Aujourd’hui, des cristallographes du laboratoire GlaxoSmithKline ont réussi à cristalliser puis à déterminer la structure, grâce aux rayons X, de la gyrase de la bactérie Staphylococcus aureus, ou staphylocoque doré. Mais l’enzyme n’est pas seule sur l’image : l’ADN et une nouvelle molécule nommée GSK 299423 sont co-cristallisés avec l’enzyme. La technique permet de visualiser précisément la position de chaque atome, avec ici une incertitude de 2,1 angströms, autant dire pas grand-chose. La structure de l’interaction entre les trois partenaires est donc très bien résolue et offre des informations capitales, révélées dans la revue Nature.

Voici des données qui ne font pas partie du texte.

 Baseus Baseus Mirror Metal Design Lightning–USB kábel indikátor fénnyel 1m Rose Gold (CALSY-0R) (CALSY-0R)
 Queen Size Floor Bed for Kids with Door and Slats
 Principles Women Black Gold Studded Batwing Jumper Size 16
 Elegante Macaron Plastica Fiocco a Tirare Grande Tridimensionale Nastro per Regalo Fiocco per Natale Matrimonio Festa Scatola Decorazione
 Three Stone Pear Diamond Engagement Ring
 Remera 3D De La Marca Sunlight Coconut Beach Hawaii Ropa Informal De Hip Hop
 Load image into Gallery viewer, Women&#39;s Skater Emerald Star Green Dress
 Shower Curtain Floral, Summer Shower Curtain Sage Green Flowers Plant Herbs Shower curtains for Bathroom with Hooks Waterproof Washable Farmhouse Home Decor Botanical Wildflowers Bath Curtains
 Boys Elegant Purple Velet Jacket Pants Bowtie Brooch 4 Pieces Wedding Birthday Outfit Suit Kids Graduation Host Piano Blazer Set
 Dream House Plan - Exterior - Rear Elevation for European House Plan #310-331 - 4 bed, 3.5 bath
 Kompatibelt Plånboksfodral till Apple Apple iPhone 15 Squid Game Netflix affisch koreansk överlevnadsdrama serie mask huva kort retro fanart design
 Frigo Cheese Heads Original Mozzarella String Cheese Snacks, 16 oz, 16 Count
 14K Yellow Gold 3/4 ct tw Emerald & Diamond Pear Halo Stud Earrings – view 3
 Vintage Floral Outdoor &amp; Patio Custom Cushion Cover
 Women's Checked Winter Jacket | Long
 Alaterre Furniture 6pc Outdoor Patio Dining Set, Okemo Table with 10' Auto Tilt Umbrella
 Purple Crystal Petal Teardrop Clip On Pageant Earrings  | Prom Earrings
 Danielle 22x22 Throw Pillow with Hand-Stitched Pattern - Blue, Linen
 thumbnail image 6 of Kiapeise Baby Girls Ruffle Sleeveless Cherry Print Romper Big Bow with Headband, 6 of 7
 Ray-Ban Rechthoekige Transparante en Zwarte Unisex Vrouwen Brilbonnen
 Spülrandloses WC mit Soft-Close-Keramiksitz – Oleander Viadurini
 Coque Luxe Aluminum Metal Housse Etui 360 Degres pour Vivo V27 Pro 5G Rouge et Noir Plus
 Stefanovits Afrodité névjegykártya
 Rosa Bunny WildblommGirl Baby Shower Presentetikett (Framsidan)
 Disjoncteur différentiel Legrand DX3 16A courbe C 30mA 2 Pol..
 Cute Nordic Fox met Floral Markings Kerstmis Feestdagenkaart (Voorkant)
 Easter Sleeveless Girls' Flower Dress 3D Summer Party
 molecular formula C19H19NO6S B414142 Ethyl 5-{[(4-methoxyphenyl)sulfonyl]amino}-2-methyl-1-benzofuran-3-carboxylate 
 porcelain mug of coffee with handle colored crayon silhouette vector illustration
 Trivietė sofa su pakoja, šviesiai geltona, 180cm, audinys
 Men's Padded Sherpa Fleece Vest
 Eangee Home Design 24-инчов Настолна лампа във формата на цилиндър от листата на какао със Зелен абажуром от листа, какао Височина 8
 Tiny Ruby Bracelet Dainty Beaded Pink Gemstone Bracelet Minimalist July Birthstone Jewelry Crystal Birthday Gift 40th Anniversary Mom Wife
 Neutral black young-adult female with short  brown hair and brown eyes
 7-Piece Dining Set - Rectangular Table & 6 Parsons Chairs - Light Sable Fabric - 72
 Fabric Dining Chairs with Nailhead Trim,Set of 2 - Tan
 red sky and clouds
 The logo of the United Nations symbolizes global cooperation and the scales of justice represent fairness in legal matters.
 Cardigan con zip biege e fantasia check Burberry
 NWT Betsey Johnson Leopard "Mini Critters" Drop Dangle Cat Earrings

La topoisomérase (bleu) permet d'enrouler ou de dérouler les molécules d'ADN (orange et jaune) lors de la réplication ou de l'expression des gènes. L'enzyme est essentielle à la survie des bactéries.
La topoisomérase (bleu) permet d'enrouler ou de dérouler les molécules d'ADN (orange et jaune) lors de la réplication ou de l'expression des gènes. L'enzyme est essentielle à la survie des bactéries. Crédits DR

Efficace sur un large spectre de bactéries

Les scientifiques ont constaté que la molécule GSK 299423 construit un pont moléculaire entre l’ADN et une zone de la gyrase étrangère au site actif de l’enzyme. La molécule n’agit donc pas au niveau du site actif, comme le font les quinolones. Ainsi, la résistance adoptée par certaines bactéries contre les quinolones, pourrait être contournée par l’usage de cette nouvelle molécule. Puisque la même enzyme est ciblée, les mêmes bactéries devraient être éliminées par GSK 299423.

En effet, l’efficacité de cette molécule a été testée sur un large spectre de bactéries et elle semble efficace, à l’image des quinolones, sur les deux grandes classes existantes : aussi bien les Gram-positives (positives au colorant de Gram) à l'image de Staphylococus aureus (même la souche résistante à la méticilline impliquée dans beaucoup d’infections nosocomiales), que les Gram-négatives (négatives au colorant de Gram) comme Escherichia coli, Pseudomonas, Klebsiella ou Acinetobacter, qui sont plus difficiles à éliminer à cause de la présence d'une membrane externe souvent imperméable aux molécules.

Cette molécule semble donc constituer un bon candidat pour la recherche de nouveaux antibiotiques. Le laboratoire GlaxoSmithKline s’intéresse à toutes les molécules de la même famille afin de déterminer laquelle serait la plus à même d’être utilisée en médecine. Il faut à la fois tenir compte de l’efficacité antibactérienne, mais aussi de l’innocuité pour les patients. La structure obtenue permet d’orienter les chercheurs dans cette voie. Les financements de cette étude sont d’ores et déjà prolongés pour une durée de 5 ans par le Wellcome Trust's Seeding Drug Discovery, une initiative du Defense Threat Reduction Agency américain.